LONDON - Expectations for defaults and losses in residential mortgage-backed securities continue to rise sharply in the United States, while tailing off in Britain, even as its economy has been slower to recover, a survey found.

The forecast for the 12-month default rate on U.S. prime fixed-rate mortgages in RMBS rose to 5.75 percent from 4 percent forecast in the previous quarter, according to a Standard & Poor's global survey of more than 60 buy-side and sell-side financial institutions released on Wednesday.

By contrast, its 12-month default forecast for UK prime mortgages in RMBS declined to 1.1 percent from 2 percent.

Both economies continue to suffer from high rates of unemployment and sluggish growth amid fears interest rates could rise.

But UK default forecasts are easing after previous predictions turned out to be more pessimistic than actual experience in 2009, said James West, a director of S&P's Fixed Income Risk Management Services group.

UK mortgages and mortgage securities have proven to be higher quality on average than U.S. loans after lenders stuck to tougher standards, West said.

Even the worst-performing deals had 3 to 3.5 percent defaults in their collateral pools, he added.


In the United States, mortgage default risk has risen in the face of emergency government and lender efforts, including a $75 billion plan to refinance or modify loans to troubled borrowers.

The U.S. Home Affordable Program has been slow to lower payments for the millions of borrowers in danger of default and has been criticized for failing to properly address the loss of equity that has led even steady-income borrowers to default.

The limited success of refinancing and loan modification is further expected to unleash a fresh wave of foreclosures on the U.S. market.

Yet despite the expectations shown in the S&P survey, U.S. RMBS have risen in value over the past year as traders have anticipated demand from government-related programs, such as the Treasury's Public-Private Investment Program.

The survey forecast default rates on underlying U.S. subprime mortgages would rise to 34.4 percent from a previous forecast of 23 percent.
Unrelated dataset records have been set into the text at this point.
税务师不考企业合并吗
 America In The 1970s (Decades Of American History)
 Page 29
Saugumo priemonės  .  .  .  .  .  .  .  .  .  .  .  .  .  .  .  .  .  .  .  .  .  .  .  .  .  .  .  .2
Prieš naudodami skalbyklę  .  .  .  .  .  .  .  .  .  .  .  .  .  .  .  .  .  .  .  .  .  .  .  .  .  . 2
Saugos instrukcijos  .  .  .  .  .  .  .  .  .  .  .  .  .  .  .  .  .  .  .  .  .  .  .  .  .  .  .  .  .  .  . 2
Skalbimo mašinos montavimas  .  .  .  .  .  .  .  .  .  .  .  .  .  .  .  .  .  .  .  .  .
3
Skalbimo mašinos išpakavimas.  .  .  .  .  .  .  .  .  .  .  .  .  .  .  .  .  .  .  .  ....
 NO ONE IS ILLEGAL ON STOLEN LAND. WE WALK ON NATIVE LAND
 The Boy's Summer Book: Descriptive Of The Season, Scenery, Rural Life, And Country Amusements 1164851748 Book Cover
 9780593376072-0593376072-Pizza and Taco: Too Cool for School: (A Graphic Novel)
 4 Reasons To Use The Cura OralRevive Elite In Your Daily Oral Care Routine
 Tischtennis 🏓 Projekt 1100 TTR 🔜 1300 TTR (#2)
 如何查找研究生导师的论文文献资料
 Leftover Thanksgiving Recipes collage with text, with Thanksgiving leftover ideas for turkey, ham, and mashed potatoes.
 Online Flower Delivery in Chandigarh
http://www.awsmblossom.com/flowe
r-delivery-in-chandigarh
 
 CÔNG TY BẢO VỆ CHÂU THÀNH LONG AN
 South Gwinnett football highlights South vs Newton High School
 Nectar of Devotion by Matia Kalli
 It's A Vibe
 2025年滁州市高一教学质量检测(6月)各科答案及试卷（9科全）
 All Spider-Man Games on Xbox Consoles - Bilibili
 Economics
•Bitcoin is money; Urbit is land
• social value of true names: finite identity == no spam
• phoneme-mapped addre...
The forecast also rose for U.S. prime adjustable-rate RMBS to 10.5 percent from 6.25 percent.

For UK nonconforming RMBS, the forecast 12-month default rate fell to 4.6 percent from a previous 9 percent.

Nonconforming is the UK classification for high-risk mortgages, including borrowers with poor credit histories and others who do not meet usual criteria. The category tends to have a higher quality of loan on the whole than U.S. subprime.

The S&P survey predicted UK house prices would fall by an average 5.8 percent over 2010, worse than its forecast of an average 5 percent decline in the United States.

Falling house prices typically mean than loss severity rates rise on the mortgages that do default.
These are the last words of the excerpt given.